Problem to work on:
Begin at the line containing "14 Inch 500W" and retype each line through the end of the records exactly. Include nothing else and no pictures.

Records provided:
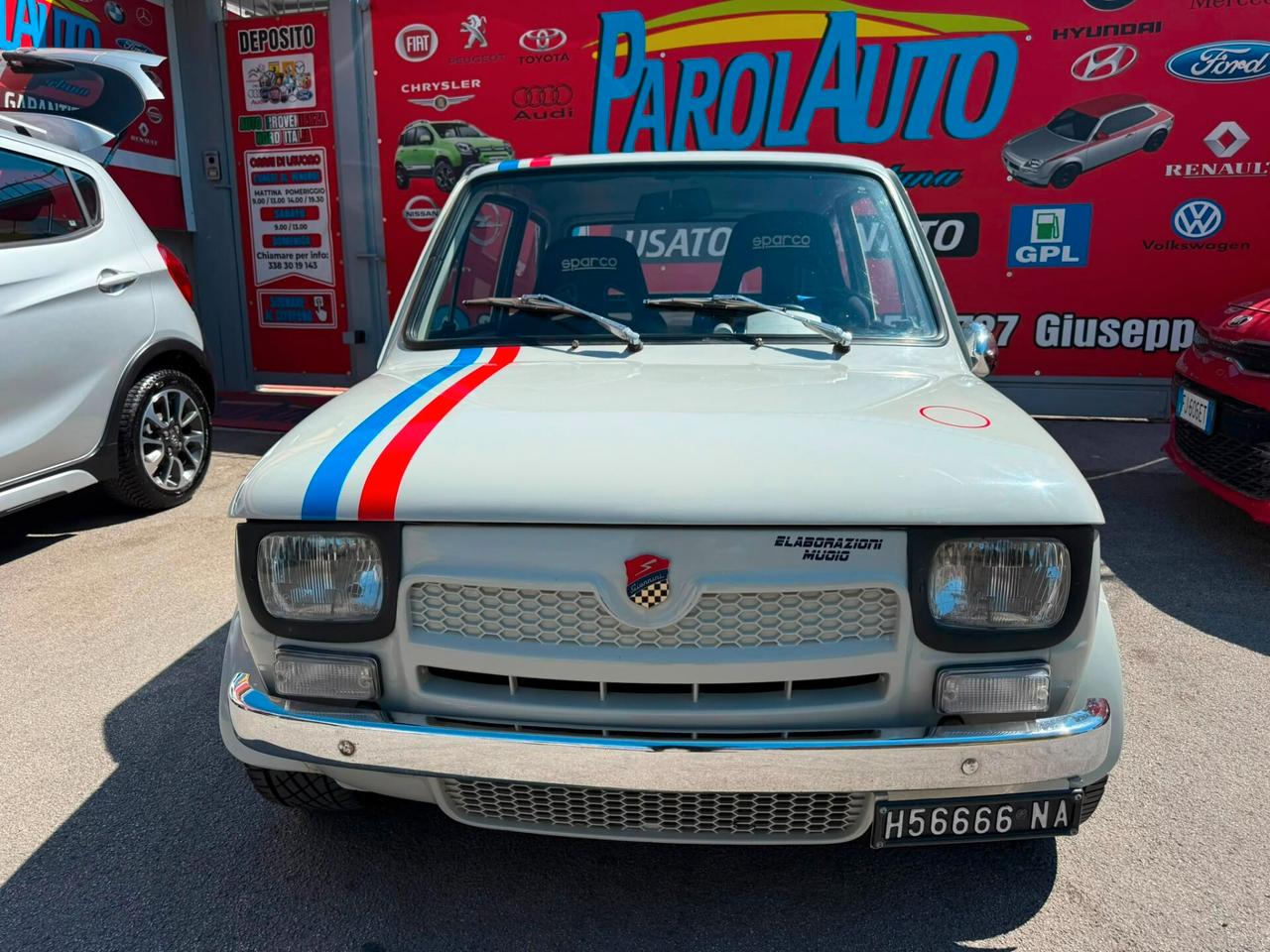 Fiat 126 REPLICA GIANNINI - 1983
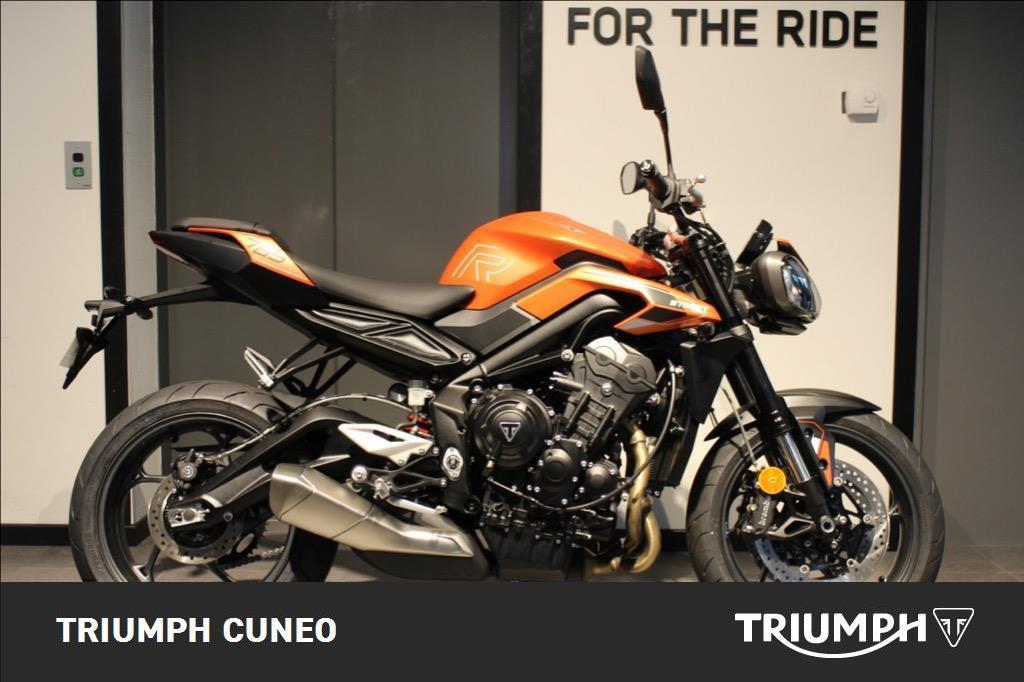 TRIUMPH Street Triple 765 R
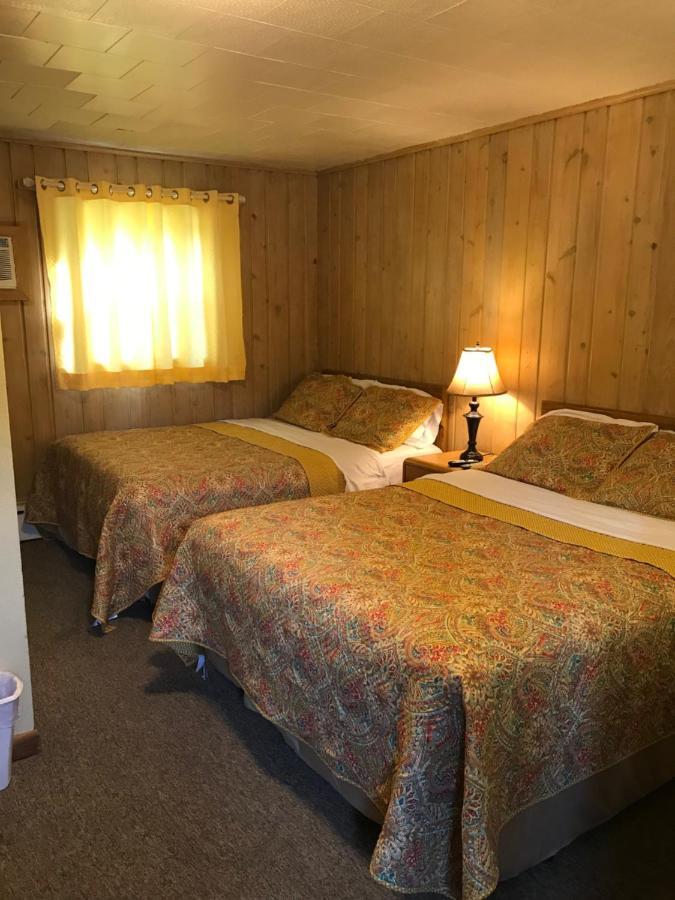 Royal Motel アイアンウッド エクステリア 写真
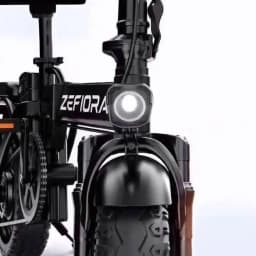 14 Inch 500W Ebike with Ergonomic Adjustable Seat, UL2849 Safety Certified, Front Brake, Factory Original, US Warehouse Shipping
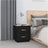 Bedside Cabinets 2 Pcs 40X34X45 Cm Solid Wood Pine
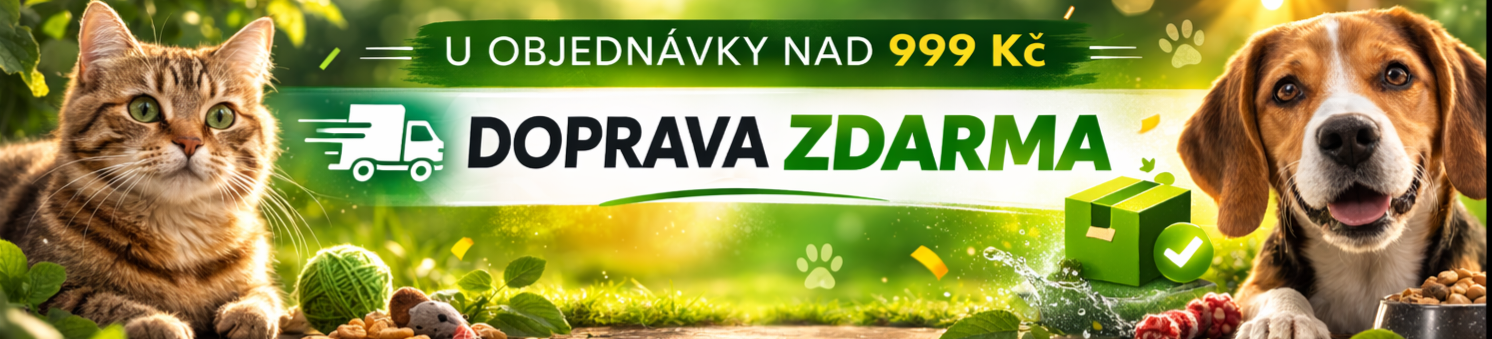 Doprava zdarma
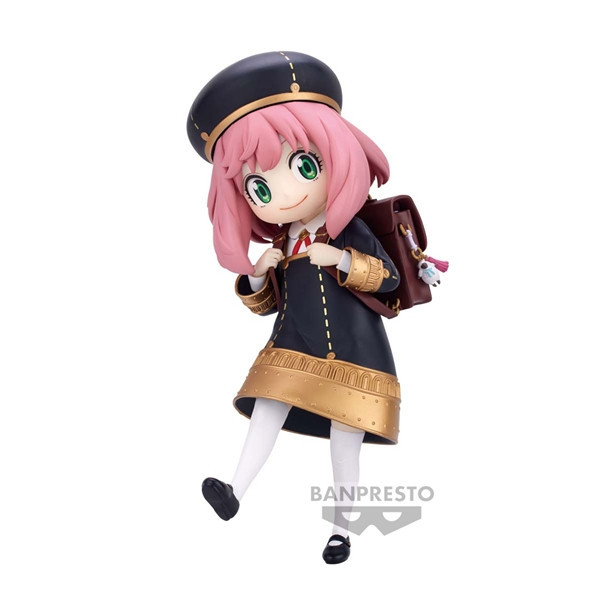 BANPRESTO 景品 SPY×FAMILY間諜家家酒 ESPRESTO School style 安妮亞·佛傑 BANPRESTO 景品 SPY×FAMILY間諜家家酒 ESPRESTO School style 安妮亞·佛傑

Written response:
 14 Inch 500W Ebike with Ergonomic Adjustable Seat, UL2849 Safety Certified, Front Brake, Factory Original, US Warehouse Shipping
 Bedside Cabinets 2 Pcs 40X34X45 Cm Solid Wood Pine
 Doprava zdarma
 BANPRESTO 景品 SPY×FAMILY間諜家家酒 ESPRESTO School style 安妮亞·佛傑 BANPRESTO 景品 SPY×FAMILY間諜家家酒 ESPRESTO School style 安妮亞·佛傑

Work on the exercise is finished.